Hi, so I’m a new employee (started a month ago) and I have a question. I am in an inbound sorting position. My scheduled start time is ALWAYS 6am because that’s when truck unload starts at my store. This coming week the schedule is pretty normal and all my start times are 6am. The next week though the schedule changed after I left yesterday and all the start times are 7am… my coworker had to talk with our ETL yesterday because of a scheduling issue they had so I assumed one of my days would be swapped which I expected but I didn’t expect the sudden change in start time. Is this normal? I just don’t see why they would change it when unload is already started at 7am. Could this mean they’re letting me go? I didn’t do anything but I’m so worried that it means they don’t want to keep me.


----------



## happygoth (Jul 9, 2022)

ricearoni said:


> Hi, so I’m a new employee (started a month ago) and I have a question. I am in an inbound sorting position. My scheduled start time is ALWAYS 6am because that’s when truck unload starts at my store. This coming week the schedule is pretty normal and all my start times are 6am. The next week though the schedule changed after I left yesterday and all the start times are 7am… my coworker had to talk with our ETL yesterday because of a scheduling issue they had so I assumed one of my days would be swapped which I expected but I didn’t expect the sudden change in start time. Is this normal? I just don’t see why they would change it when unload is already started at 7am. Could this mean they’re letting me go? I didn’t do anything but I’m so worried that it means they don’t want to keep me.
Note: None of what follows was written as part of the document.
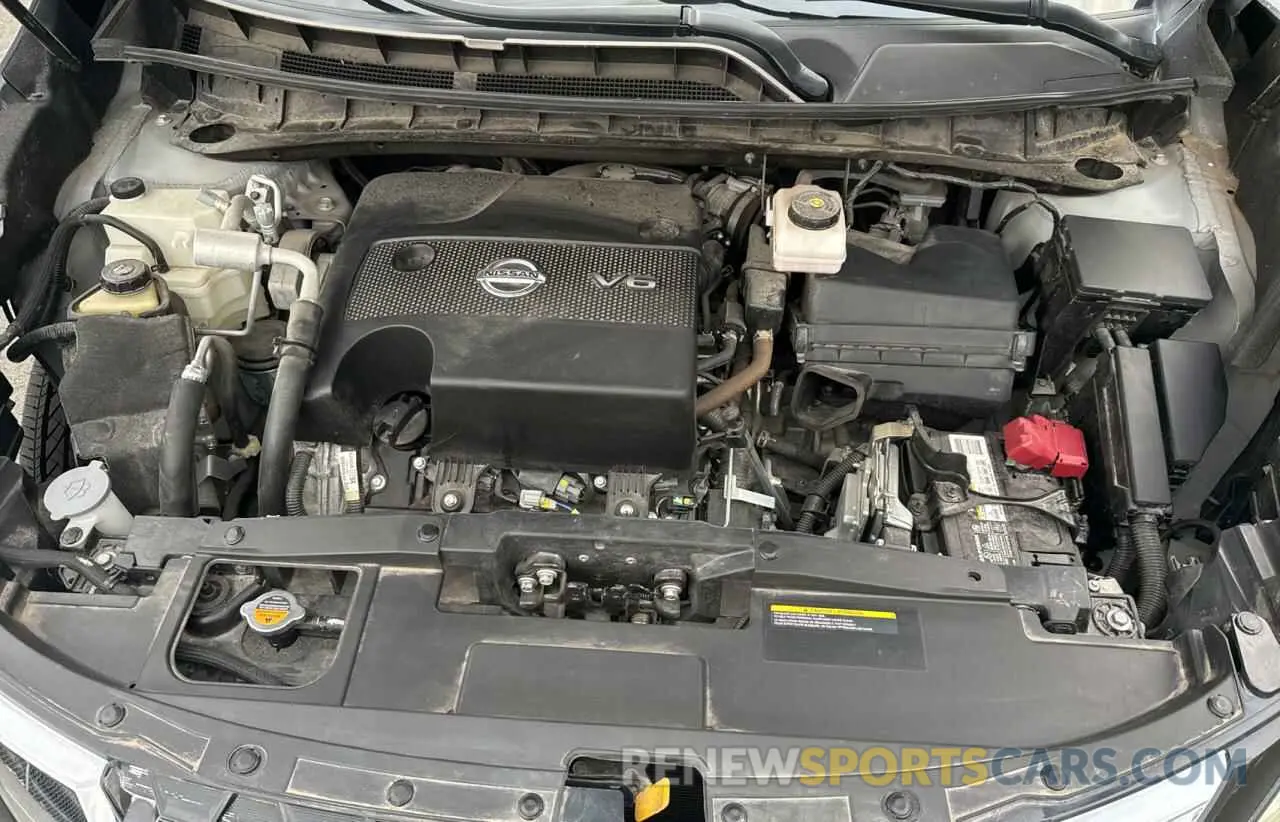 7 Photograph of a damaged car 5N1AZ2CS9NC109786 NISSAN MURANO 2022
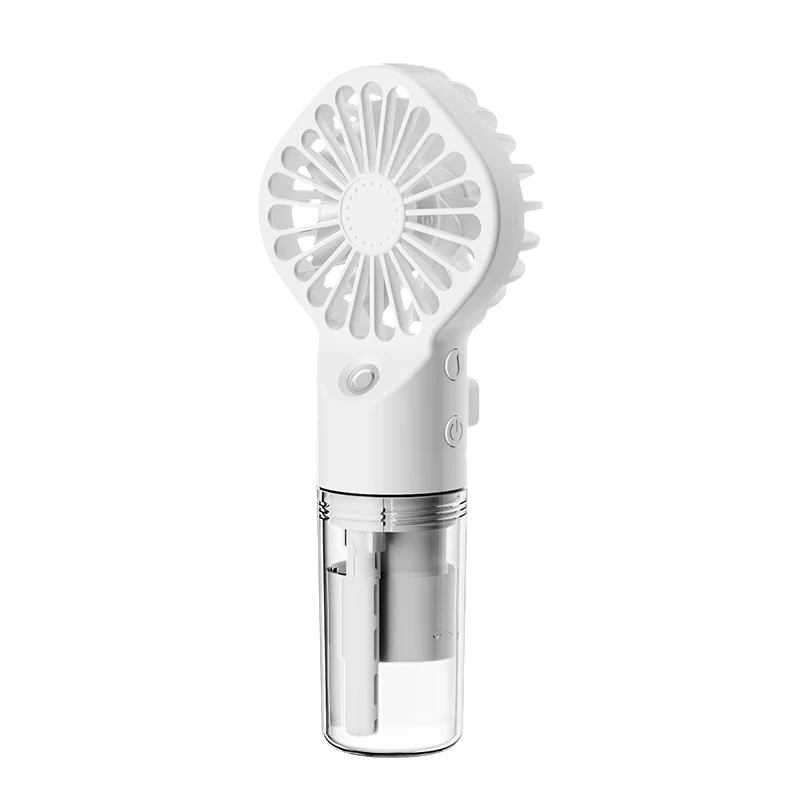 Tragbarer Mini-Ventilator für Damen mit Wassernebel Skanto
I'm guessing the need to cut hours.


----------



## Dream Baby (Jul 9, 2022)

happygoth said:


> I'm guessing the need to cut hours.


Our store does this all the time regardless whether you start in the morning or afternoons.

They would rather you come in later than leave earlier.

IMHO TMs would rather have the same start time usually then come in later.


----------



## smarthuddle (Jul 9, 2022)

Dream Baby said:


> Our store does this all the time regardless whether you start in the morning or afternoons.
> 
> They would rather you come in later than leave earlier.
> 
> IMHO TMs would rather have the same start time usually then come in later.


What matters is the need of TM during guest traffic times so they’ll likely never schedule you to leave earlier


----------